CHICAGO — United Airlines and Continental Airlines announced early Monday morning they were combining operations in a $3-billion merger, forming the world’s largest airline.
The deal is the culmination of a lengthy search by United CEO Glenn Tilton
for a partner that would bolster his carrier’s global network and
promote consolidation in a fragmented industry plagued by chronic
losses.
The combined airline would have annual revenue of $29 billion, based on 2009 results, and hold an unrestricted cash balance of about $7.4 billion.

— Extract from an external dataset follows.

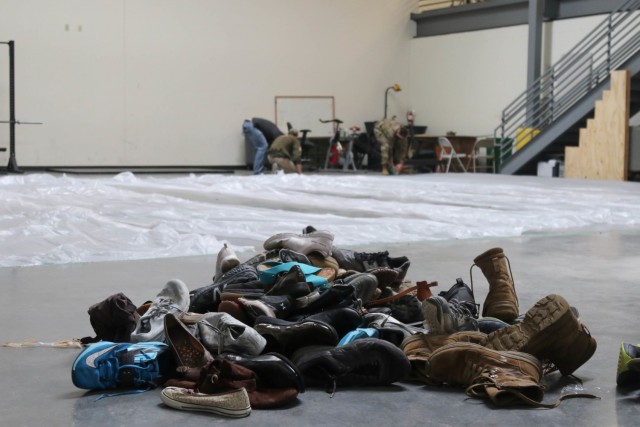 A pile of shoes sits on the floor waiting to be painted teal by Soldiers, Airmen and Space Force Guardians March 19 at Fort Carson in preparation for a Sexual Assault Awareness Prevention Month display. (Photo by Capt. Jason Elmore)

The carriers said in a press release Monday they expected to complete the transaction in the fourth quarter of 2010.
Continental Chief Executive Jeff Smisek
will be named CEO of the new carrier, while Tilton will move to its
board as non-executive chairman for a two-year term. The new airline,
to be named United, will retain its world headquarters in Chicago, where United currently employs about 700 people, sources say.
Its aircraft will bear Continental’s globe logo on the tail and be painted in the Houston-based carrier’s colors. And it will be unveiled to customers with a new campaign, “Let’s Fly Together.”
Headquarters for the new United operations will be in Chicago’s Willis Tower, formerly known as the Sears Tower. United will move forward with plans to place its nerve center and 2,800 staffers in the skyscraper starting in October, sources said.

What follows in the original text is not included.